Task item
What you need to produce from the material below is an exact transcription of the lines from the one with "thumbnail image 3" through the one with "CZ, Mystic doublet", both included, and no other line.

Material supplied
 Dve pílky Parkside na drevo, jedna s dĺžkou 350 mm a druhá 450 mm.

---

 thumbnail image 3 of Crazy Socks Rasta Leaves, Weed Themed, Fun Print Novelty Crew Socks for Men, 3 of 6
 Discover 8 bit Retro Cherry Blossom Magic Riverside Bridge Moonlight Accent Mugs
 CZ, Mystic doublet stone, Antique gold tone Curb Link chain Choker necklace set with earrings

Response for this exercise
 thumbnail image 3 of Crazy Socks Rasta Leaves, Weed Themed, Fun Print Novelty Crew Socks for Men, 3 of 6
 Discover 8 bit Retro Cherry Blossom Magic Riverside Bridge Moonlight Accent Mugs
 CZ, Mystic doublet stone, Antique gold tone Curb Link chain Choker necklace set with earrings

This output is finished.